La pesca del pez espada


   Durante los meses primaverales y estivales, en numerosos puertos del mar Mediterráneo suelen verse grandes barcas, llamadas "falu­chos", pintadas de negro y extrañamente aparejadas. En el centro de su casco se levanta un mástil altísi­mo; pero no se trata de embarcaciones de vela. En la parte superior de este mástil (de 30 y hasta 40 metros de altura), haciendo equilibrios sobre una simple tablita, se halla un hombre; pero no es un vigía de tierras desconocidas o naves enemigas.
   Es un vigía que se halla instalado allí exclusi­vamente para avistar... un pez: el singularísimo, terrible y... exquisito pez espada.
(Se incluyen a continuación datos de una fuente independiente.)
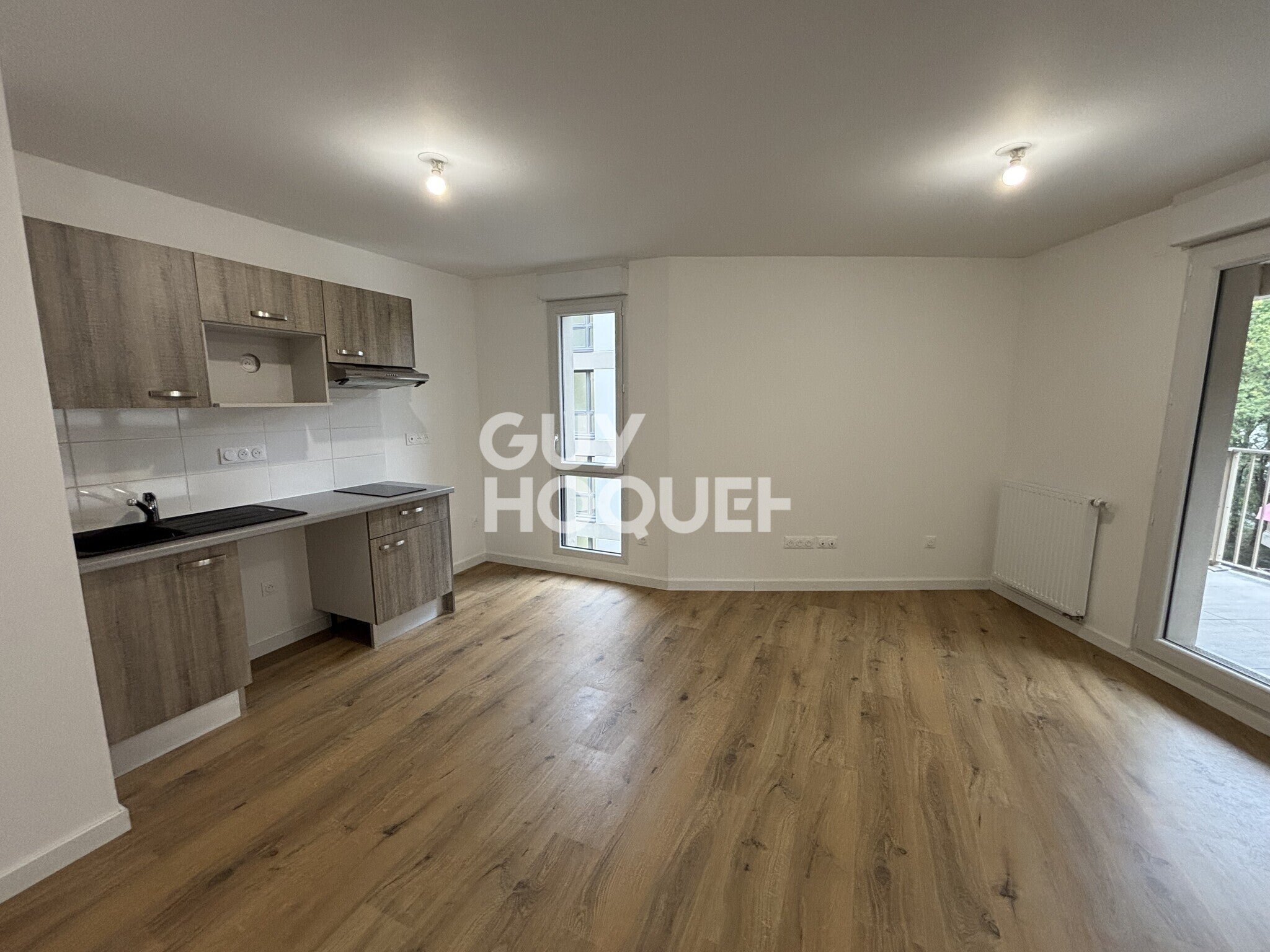 Appartement Périphérique Extérieur à Nantes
Movido frecuente­mente por remos (algunas veces por un motor), el falucho explora hacia lo largo y a lo ancho, cuidado­samente, las aguas de la costa. Durante horas, fati­gado y enceguecido por la luz deslumbrante del sol, la mirada del vigía escruta incansablemente la superfi­cie resplandeciente del mar hasta que, a través de la transparencia del agua, entrevé la silueta del ani­mal; algunas veces es un enorme pez solitario, pero más frecuentemente se trata de una pareja o de un pequeño banco. Con un grito, el vigía advierte a los compañeros que se encuentran sobre la cubierta de las barcas más pequeñas situadas cerca, compañeras en esta pesca, provistas ellas también de vigías; inme­diatamente una de las barcas menores se dirige ha­cia el punto señalado mientras el arponero toma po­sición en la proa. Y helo ahí: ya está sobre el pez; ya el arponero observa a través del trémulo espejo del agua límpida el blanco en movimiento; con ojo infalible, el arponero lanza con mano potente el gol­pe vibrante de su arpón. El arma penetra en la car­ne, las cuatro aletas separables que lleva en la punta se abren y el animal no podrá liberarse ya. Otro te­rrible habitante del mar ha caído presa del hombre.